Monday, June 28, 2010

Homemade Frozen Yogurt Fruit Popsicles

Popsicles - the perfect treat on a hot, summer day. Their sweetness and icy coldness may be refreshing but if you take a minute to check the ingredients on the package you may be in for a surprise. Most popsicles contain a whole bunch of sugar, corn syrup, food dyes, and artificial sweeteners which may contribute to weight gain, cravings, energy slumps, behavior problems and attention/focus/concentration difficulties. You are much better off forgoing the boxed variety and making your own homemade treats, feeling confident that you are giving yourself and your family a healthy alternative. Whipping up some delicious homemade creations is alot easier than you may think and only requires a few ingredients and either a food processor or a blender, some popsicle molds and you are good to go!
Frozen Yogurt Fruit Popsicles
  • 1 container (17.6 ounces) full fat plain Greek yogurt (I use Fage brand)
  • 12 ounce bag organic frozen raspberries or any fruit of your choice
  • 7 stevia packets I use SweetLeaf Stevia Plus by Wisdom Foods)
  • 1/2 Cup organic 1/2 & 1/2

Let frozen fruit sit out on counter for an hour or so to thaw a bit. Then add fruit and yogurt to food processor or blender and combine well. Add each stevia packet one at a time, blending well after each packet. Slowly add 1/2 & 1/2 and blend well. Consistency should be thick but pourable. Carefully pour mixture into popsicle molds and freeze. Run popsicle mold under warm water to release frozen pop when ready to eat. Makes 8-12 popsicles, depending on mold used.

Tuesday, June 15, 2010

New Study: Link Between ADHD & Pesticides

A recent study, published in the Journal of the American Academy of Pediatrics, indicates a link between pesticides and Attention Deficit Hyperactivity Disorder (ADHD). According to the study, which was conducted by Harvard University and the University of Montreal, urine samples were studied for over 1,000 children, ages 8 to 15, for traces of organophosphate pesticide, a common pesticide found on fruits and vegetables.

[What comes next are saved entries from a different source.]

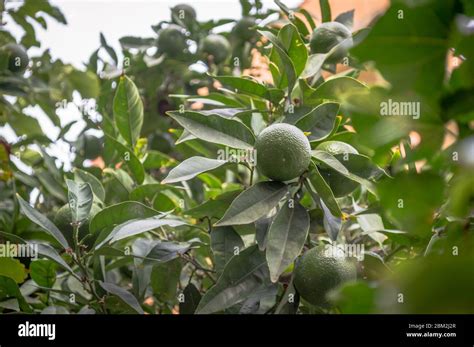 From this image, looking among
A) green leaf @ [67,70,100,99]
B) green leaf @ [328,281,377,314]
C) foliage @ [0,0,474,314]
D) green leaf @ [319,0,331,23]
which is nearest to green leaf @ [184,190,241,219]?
foliage @ [0,0,474,314]

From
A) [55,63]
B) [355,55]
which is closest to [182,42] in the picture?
[55,63]

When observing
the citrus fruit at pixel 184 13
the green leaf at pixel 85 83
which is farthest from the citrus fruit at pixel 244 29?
the green leaf at pixel 85 83

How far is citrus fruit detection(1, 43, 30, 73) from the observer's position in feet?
5.99

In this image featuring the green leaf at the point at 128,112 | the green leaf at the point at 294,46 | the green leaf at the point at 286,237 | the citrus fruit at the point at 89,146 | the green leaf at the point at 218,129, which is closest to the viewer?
the green leaf at the point at 286,237

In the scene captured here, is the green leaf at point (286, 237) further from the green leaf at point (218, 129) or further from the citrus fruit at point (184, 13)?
the citrus fruit at point (184, 13)

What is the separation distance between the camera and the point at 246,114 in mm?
1261

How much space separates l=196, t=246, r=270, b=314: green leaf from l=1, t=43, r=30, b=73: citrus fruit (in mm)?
1034

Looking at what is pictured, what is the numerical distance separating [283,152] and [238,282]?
0.81ft

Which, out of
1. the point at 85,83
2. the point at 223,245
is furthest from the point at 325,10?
the point at 85,83

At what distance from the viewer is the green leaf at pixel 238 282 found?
107 centimetres

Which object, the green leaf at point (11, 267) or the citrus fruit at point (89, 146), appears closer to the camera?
the green leaf at point (11, 267)

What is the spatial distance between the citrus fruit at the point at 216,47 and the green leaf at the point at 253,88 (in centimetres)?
76

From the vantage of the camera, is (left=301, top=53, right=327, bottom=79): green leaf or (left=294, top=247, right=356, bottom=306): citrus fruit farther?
(left=301, top=53, right=327, bottom=79): green leaf

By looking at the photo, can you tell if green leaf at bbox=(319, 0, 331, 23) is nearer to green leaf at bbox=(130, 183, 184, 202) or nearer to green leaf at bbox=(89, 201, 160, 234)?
green leaf at bbox=(130, 183, 184, 202) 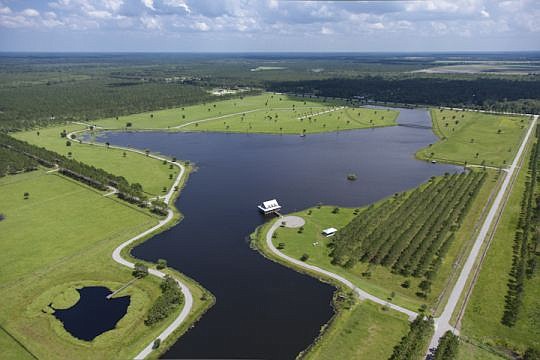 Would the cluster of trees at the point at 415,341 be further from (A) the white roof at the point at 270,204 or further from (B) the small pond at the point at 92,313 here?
(A) the white roof at the point at 270,204

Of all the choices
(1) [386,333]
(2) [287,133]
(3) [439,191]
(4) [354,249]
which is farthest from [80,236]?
(2) [287,133]

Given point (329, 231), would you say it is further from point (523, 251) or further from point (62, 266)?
point (62, 266)

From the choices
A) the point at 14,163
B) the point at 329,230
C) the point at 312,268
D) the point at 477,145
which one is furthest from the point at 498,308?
the point at 14,163

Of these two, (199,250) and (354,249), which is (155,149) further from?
(354,249)

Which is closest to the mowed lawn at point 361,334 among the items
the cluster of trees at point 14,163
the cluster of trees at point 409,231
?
the cluster of trees at point 409,231

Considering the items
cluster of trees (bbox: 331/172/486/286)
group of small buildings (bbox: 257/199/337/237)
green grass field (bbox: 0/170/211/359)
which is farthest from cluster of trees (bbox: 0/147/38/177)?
cluster of trees (bbox: 331/172/486/286)

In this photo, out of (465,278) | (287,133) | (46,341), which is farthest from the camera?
(287,133) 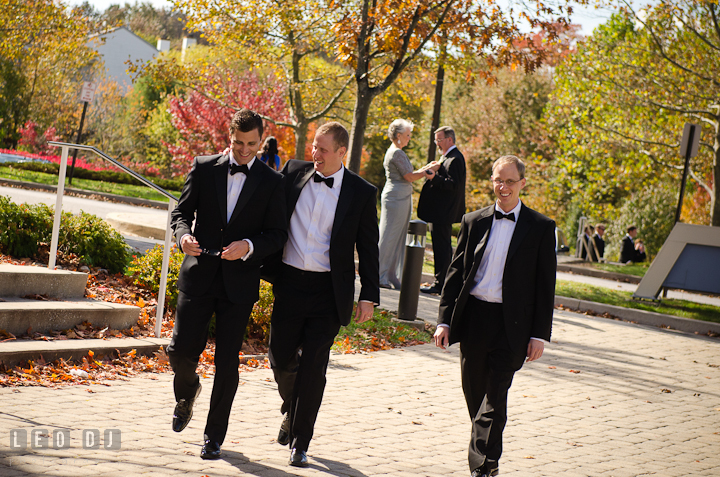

Children with the highest pesticide levels were more than ninety percent more likely than kids with no pesticide traces to have been diagnosed with ADHD.
So, how can we minimize exposure to pesticides and help protect our families from not only ADHD, but hormonal and developmental problems as well? Here are some tips to keep in mind when shopping.
  • Consider organic - Especially for produce that contains the most pesticide residue. Typically, strawberries, peaches, blueberries, broccoli, celery and apples are the biggest culprits.
  • Thoroughly wash produce - Even taking the time to peel certain fruits that you're not able to buy organic will help reduce exposure.
  • Check out farmers market - Local farmstands usually only use the bare minimum and will be happy to let you know what chemicals they do use, if any.

As we dive into the summer bounty of fruits and vegetables, please keep the above in mind and don't be discouraged from enjoying all the delicious produce that nature provides - just be diligent with washing and try to shop organic for those foods with the highest pesticide levels.